When searching for answers related to mental health, at times it can feel as if one is looking for a door in a brick wall. The task can become even more difficult when a family or individual embraces a diagnosis that seems to define one’s identity permanently. Far too many know that such mental barriers often are difficult to reframe. These walls are hard to dismantle because they are solid; made of life’s brick, mortar and minutiae. No matter how hard we push, no matter how many cracks and crevices we explore, these walls (often strengthened by personal beliefs) seem void of easily discoverable portals that could provide passage to a better place. I’ve encountered a few of these barriers along my own life’s path.

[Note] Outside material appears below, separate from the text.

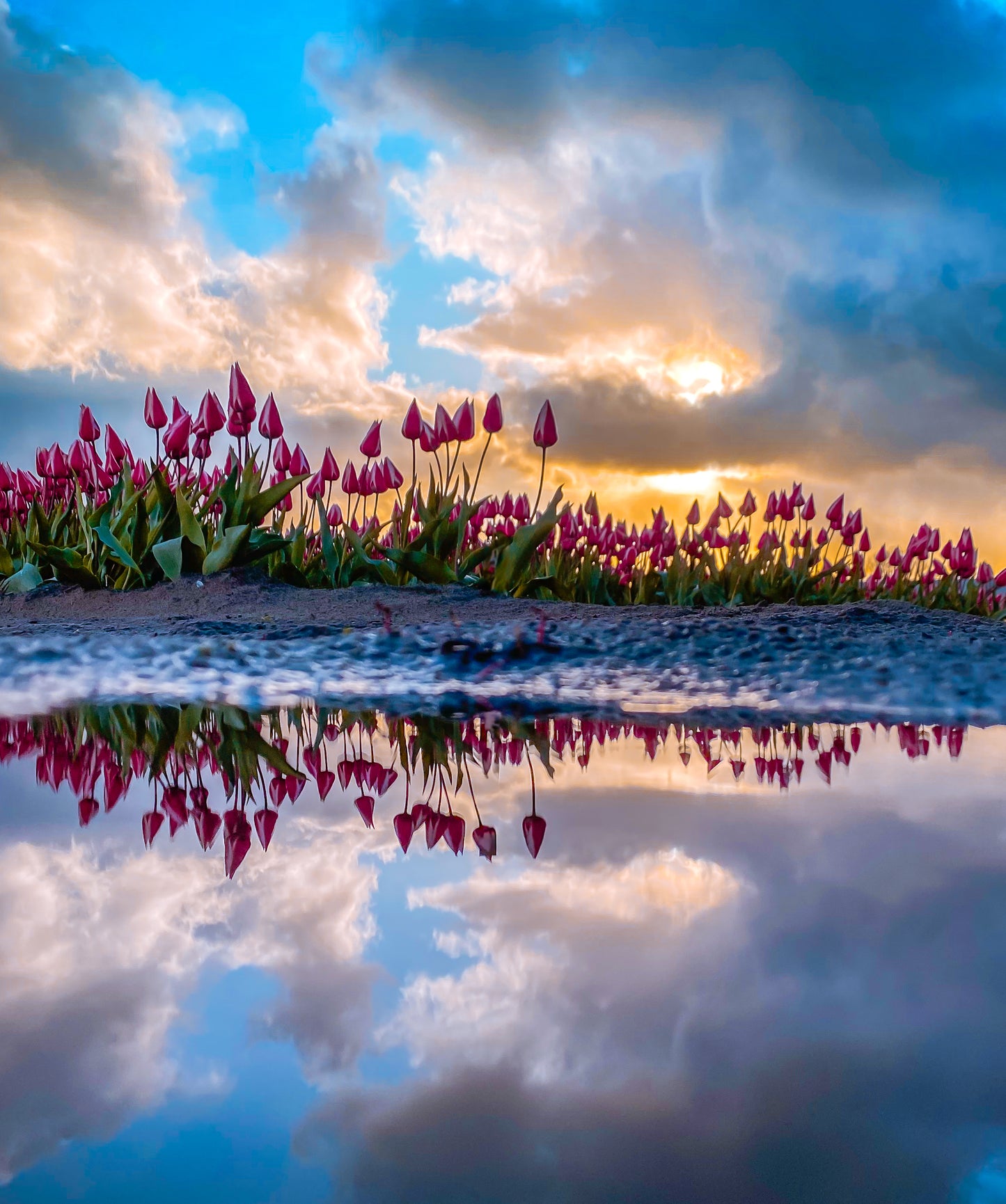 tulip shoot holland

Much of my time these days is spent working with students, educators and parents navigating the world of early diagnosis, and helping them apply common sense to the mental disorders supposedly connected to children. In my efforts to help millions of kids live a life free from ADHD drugs I meet individuals and families on a regular basis searching for a way to break through such walls. With 10,000 plus toddlers being drugged for ADHD, however, I am beginning to wonder if there is no end to how early the mental health world will feel confident diagnosing a child. “Congrats Mrs. And Mr. Farmington, you are the parents of a new baby boy! He weighs 6 pounds and 8 ounces, and he is ADHD.”

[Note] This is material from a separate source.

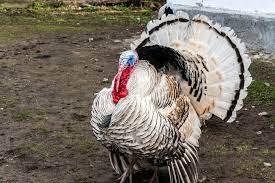 Are Turkeys The New Backyard Chickens Chickens Backyard Raising Turkeys Backyard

Thankfully the majority of people I work with gain a deeper understanding of how the ADHD diagnosis is a pitiful collection of symptoms that just reflect normal childhood behaviors. When I give talks on my book Debunking ADHD, however, there is always one adult in the crowd that will approach me after to say “but I am ADHD!” It’s as if their brick wall is also sound proof, and muffling the words describing how my efforts specifically are focused on exposing how every child is ADHD if we use today’s diagnostic criteria. Such a simplistic all-encompassing assessment should not be considered capable of being a valid test of abnormal behavior. It’s as if these few adults embracing the ADHD identity missed the part of the talk where I read the symptoms for ADHD and everyone in attendance held their hands up acknowledging that they too had as a child or still have today many if not all of the symptoms of ADHD, the All Do Have Disorder.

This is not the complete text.